*What you are asked to do*
Find the line containing "Honey Drop Ball", then print it and each line after it through the end of the listing exactly, with no pictures.

*Material provided*
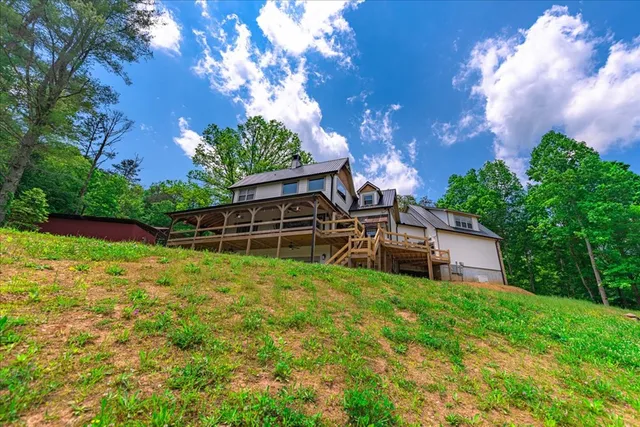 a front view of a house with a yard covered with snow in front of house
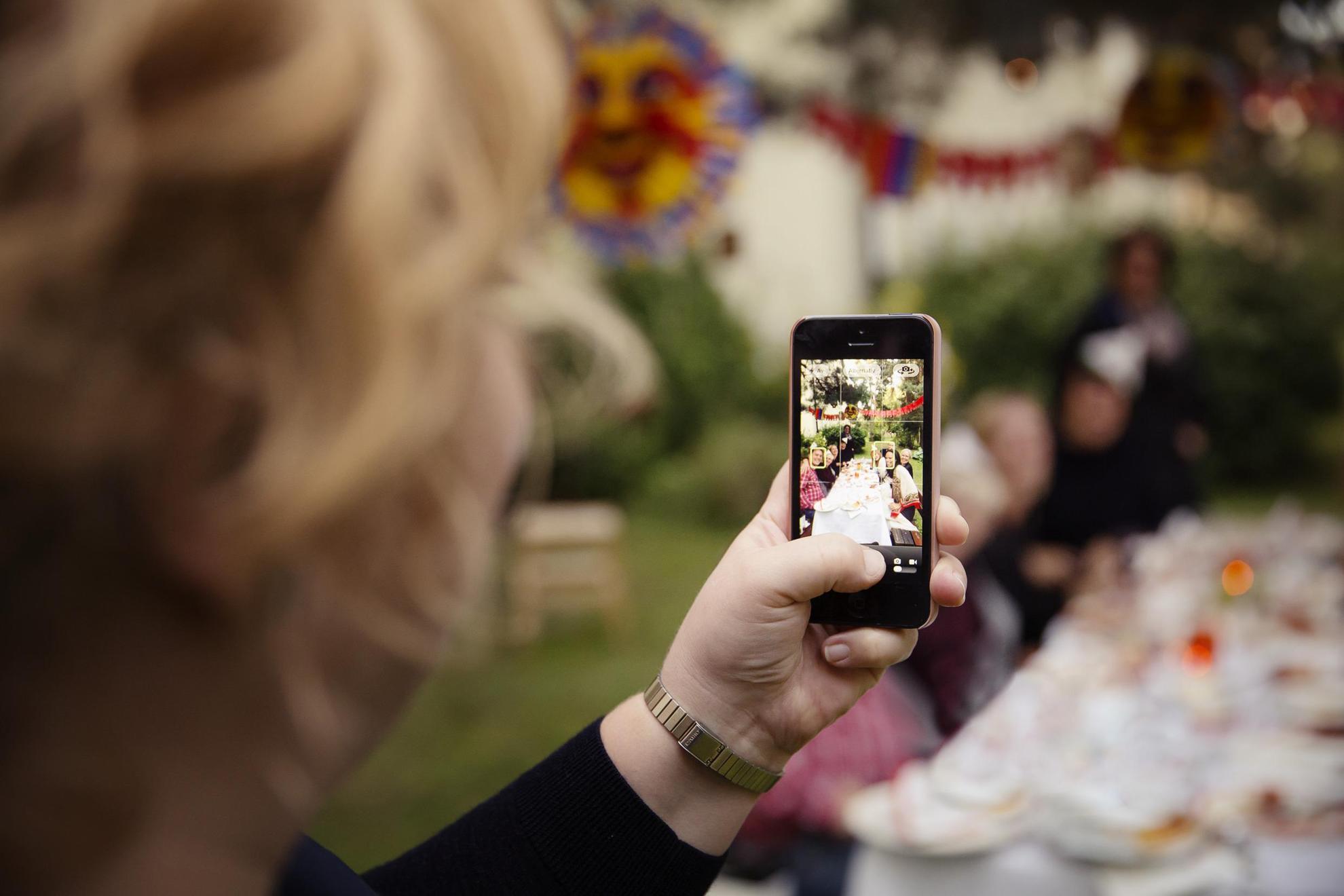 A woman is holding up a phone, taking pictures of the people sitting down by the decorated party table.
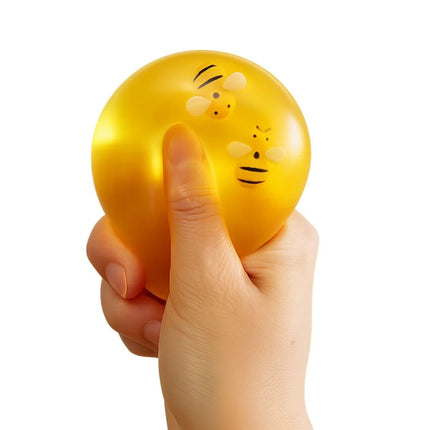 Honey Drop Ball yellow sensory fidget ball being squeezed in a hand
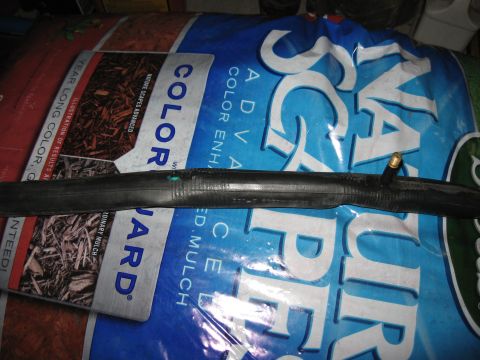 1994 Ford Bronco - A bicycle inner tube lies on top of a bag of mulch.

*Your response*
 Honey Drop Ball yellow sensory fidget ball being squeezed in a hand
 1994 Ford Bronco - A bicycle inner tube lies on top of a bag of mulch.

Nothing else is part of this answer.